Bug in windows PumpEvents causes late event processing

I’m working with Natural Selection 2, which uses SDL for input handling, and lately we have noticed issues with the mouse input - it seemed to be choppy and hitch a lot.

After spending a few days debugging, I believe I have found the culprit.

The main loop in SDL_events.c::SDL_WaitEventTimeout

for (;;) {
    switch (SDL_PeepEvents(event, 1, SDL_GETEVENT, SDL_FIRSTEVENT, SDL_LASTEVENT)) {

… makes one big assumption - that SDL_PumpEvents will actually put an event on the internal event queue.

In turn, SDL_windowsevents.c::WIN_PumpEvents makes two assumptions

  • that PeekMessage will actually dispatch a message to the WIN_WindowProc, so it can put an event on the event queue
  • that the events will have its msg.time in order

Assumptions that are sane and rational, and thus of course wrong in Windows.

It turns out that Microsoft has added high-priority events of some kind that PeekMessage will handle internally - thus WIN_WindowProc will not be called for them.

In addition, these messages are inserted out of order - so the timestamp on them will often be the very recent, and with the 10-16ms resolution of the Windows system clock, this will often be the same as GetTickCount.

Thus, the loop in PumpEvents will hit the exit condition

        if (SDL_TICKS_PASSED(msg.time, start_ticks)) { 

becuase the msg.time will be >= start_ticks.

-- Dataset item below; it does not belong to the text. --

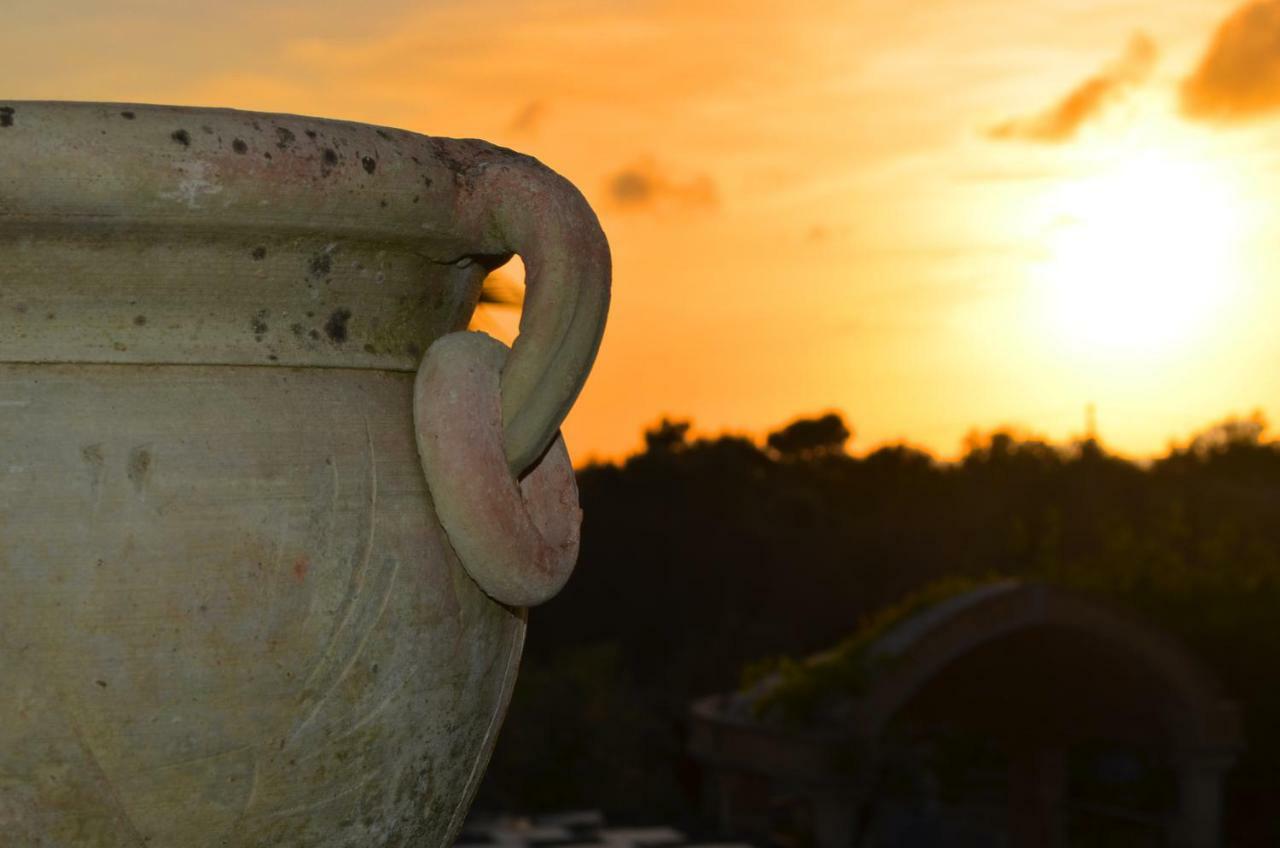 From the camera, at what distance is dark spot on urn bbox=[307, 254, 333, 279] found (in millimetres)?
2324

This breaks the assumption in SDL_WaitEventTimeout, and will cause it to return early, saying that it has processed all events even though there might be dozens of input events waiting to be processed.

The easy patch is to just remove the exit condition from PumpEvents, forcing it to process all events.

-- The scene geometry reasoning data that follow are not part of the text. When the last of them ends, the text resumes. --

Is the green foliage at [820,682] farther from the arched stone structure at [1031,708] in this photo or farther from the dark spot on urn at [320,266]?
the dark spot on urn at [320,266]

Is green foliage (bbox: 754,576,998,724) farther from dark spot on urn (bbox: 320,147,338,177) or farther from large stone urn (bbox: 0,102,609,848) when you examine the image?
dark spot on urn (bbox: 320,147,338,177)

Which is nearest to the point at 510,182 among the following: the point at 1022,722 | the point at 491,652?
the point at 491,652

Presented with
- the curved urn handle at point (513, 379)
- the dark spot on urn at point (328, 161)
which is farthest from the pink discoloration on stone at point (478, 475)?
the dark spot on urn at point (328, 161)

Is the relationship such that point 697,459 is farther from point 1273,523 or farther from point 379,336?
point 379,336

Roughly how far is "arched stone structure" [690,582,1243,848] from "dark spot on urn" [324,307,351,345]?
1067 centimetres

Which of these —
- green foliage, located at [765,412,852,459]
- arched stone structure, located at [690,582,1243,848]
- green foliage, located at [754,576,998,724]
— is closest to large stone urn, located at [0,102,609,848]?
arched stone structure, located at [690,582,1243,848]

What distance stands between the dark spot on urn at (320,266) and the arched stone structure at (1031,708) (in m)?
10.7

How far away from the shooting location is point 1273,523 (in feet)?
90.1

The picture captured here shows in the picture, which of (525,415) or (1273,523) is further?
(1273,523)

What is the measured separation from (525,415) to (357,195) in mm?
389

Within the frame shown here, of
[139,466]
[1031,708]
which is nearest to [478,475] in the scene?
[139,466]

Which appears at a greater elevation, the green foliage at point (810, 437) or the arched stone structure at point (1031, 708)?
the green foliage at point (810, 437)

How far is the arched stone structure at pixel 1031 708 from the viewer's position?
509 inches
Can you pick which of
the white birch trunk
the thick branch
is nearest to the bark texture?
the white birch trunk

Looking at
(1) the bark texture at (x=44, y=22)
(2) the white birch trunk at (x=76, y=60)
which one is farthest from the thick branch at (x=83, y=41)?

The slightly more complex patch is to verify that PeekMessage actually generated an event in the event queue before allowing the time check to break the loop.

The workaround for people using SDL is to call SDL_WaitEventTimeout multiple times … if there are no events to be processed, the cost is low, so calling it 3-10 times in a loop should be fine.



PS. Adding a bit of log output to show the weird time and events.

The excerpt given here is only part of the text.